Wiesen-Augentrostkrauturtinktur (1:5, 50 Vol.%)10 Tr.  
Siedendes, 5 Min. lg. gekochtes Aqua purificata100ml
Kochsalz0,9g
M.f.liqu.D.S.: Gereinigtes Wasser mit Salz für 5 Min. am Sieden halten und Urtinktur eintropfen. Ohne Deckel abkühlen lassen, damit Ethanol entweichen kann. In sterile Augenbadwanne (oder vergleichbarem Gefäß) einfüllen und für 1-minutiges Augenbad nutzen. Augenbadlösung stets frisch zubereiten, für jedes Auge getrennt anwenden und nach Verwendung verwerfen. (i. A. Mills S. 2013, mod. Vogt D.)
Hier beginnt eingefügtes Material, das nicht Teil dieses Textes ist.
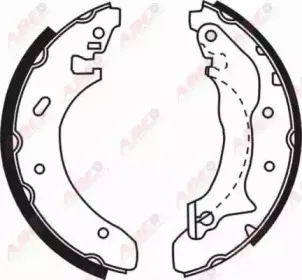 Комплект тормозных колодок ABE купить
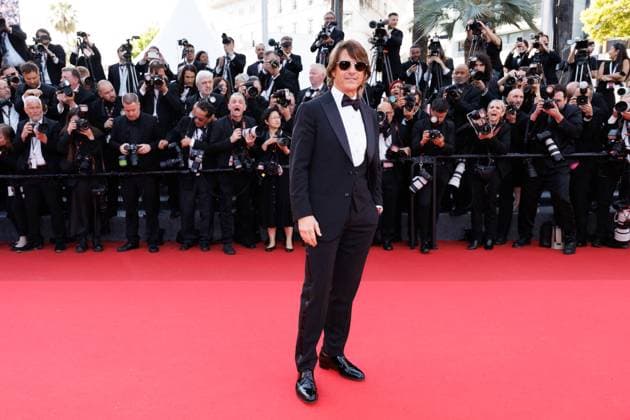 Internationale Filmfestspiele von Cannes, Mission Impossible - The Final Reckoning Premiere Tom Cruise Montée des marches du film Mission Impossible The Final Reckoning lors du 78ème Festival International du Film de Cannes, au Palais des Festivals à Cannes Le 14 mai 2025 Jacovides Moreau Bestimage Red carpet for the movie Mission Impossible The Final Reckoning during the 78th Cannes International Film Festival at the Palais des Festivals in Cannes, France On may 14th 2025  Copyright: xJACOVIDES-MOREAUx xBESTIMAGExJACOVIDES-MOREAUx xBESTIMAGEx
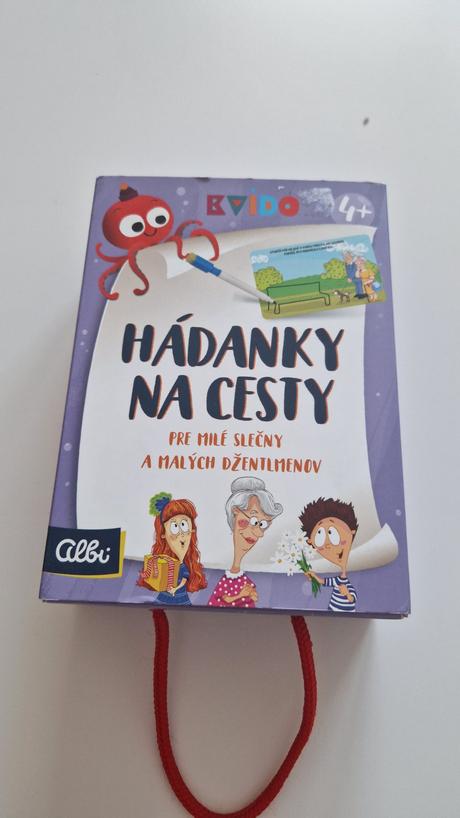 Hádanky na cesty., 
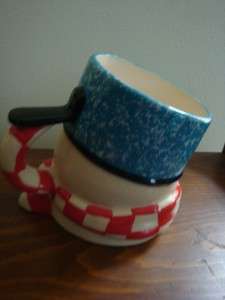 HALLMARK MITFORD SNOWMAN Large Mug/Cup  
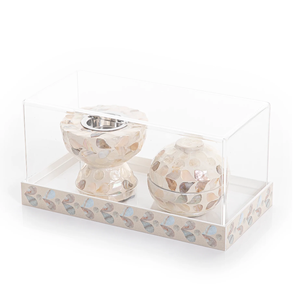 Juego de Mabkhar de Nácar de Alta Calidad con Caja de Acrílico, Venta al por Mayor a Buen Precio desde Vietnam - Product Image 3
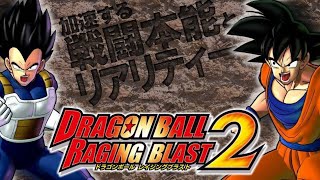 Dragon Ball Ragin Blast 2 (Goku y Vegeta vs villanos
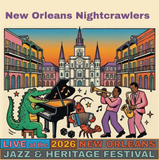New Orleans Nightcrawlers Live at the 2026 New Orleans Jazz & Heritage Festival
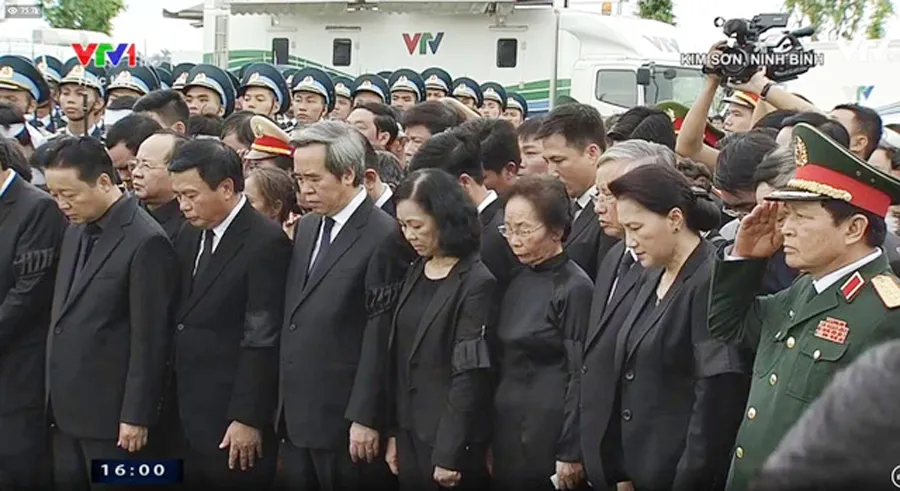 Lễ an táng Chủ tịch nước Trần Đại Quang tại quê nhà  ảnh 2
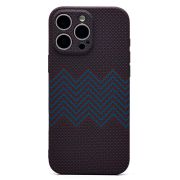 Чехол iPh 16 Pro Max пластик Luxo Life с защитой камеры с принтом 134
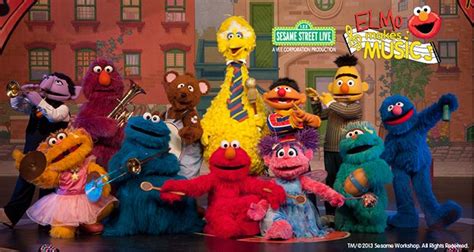 Sesame Street Live: Elmo Makes Music | This West Coast Mommy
Begleittee bei leberassoziierten Störungen am inneren und äußeren Auge

Indikationen: Gerötetes, schmerzhaftes, geschwollenes, trockenes oder tränendes Auge bei toxisch-metabolischen oder infektiösen Hepatopathien. Augenleiden durch aufsteigendes Leber-Yang, Hitze-Wind bzw. pittagenen Zuständen.

R.p.Tagesdosis
Chrysanthemenblüten (Chrysanthemi morifolii flos)8
Klein-Braunellenblütenstände (Prunellae vulg. spicae)8
Wiesen-Augentrostkraut (Euphrasiae herb.)5
Süßholz-Wurzel (Liquiritiae rad.)5
M.f.spec.D.S.: Braunelle und Süßholz in 2 Tassen Wasser zum Kochen bringen, 10 Min. am Sieden halten, Augentrost und Chrysantheme beimengen, kurz mitkochen, 5 Min. bedeckt ziehen lassen und in Kanne abseihen. Nach den Mahlzeiten (Rezept: i. A. Chen, mod. Vogt D.)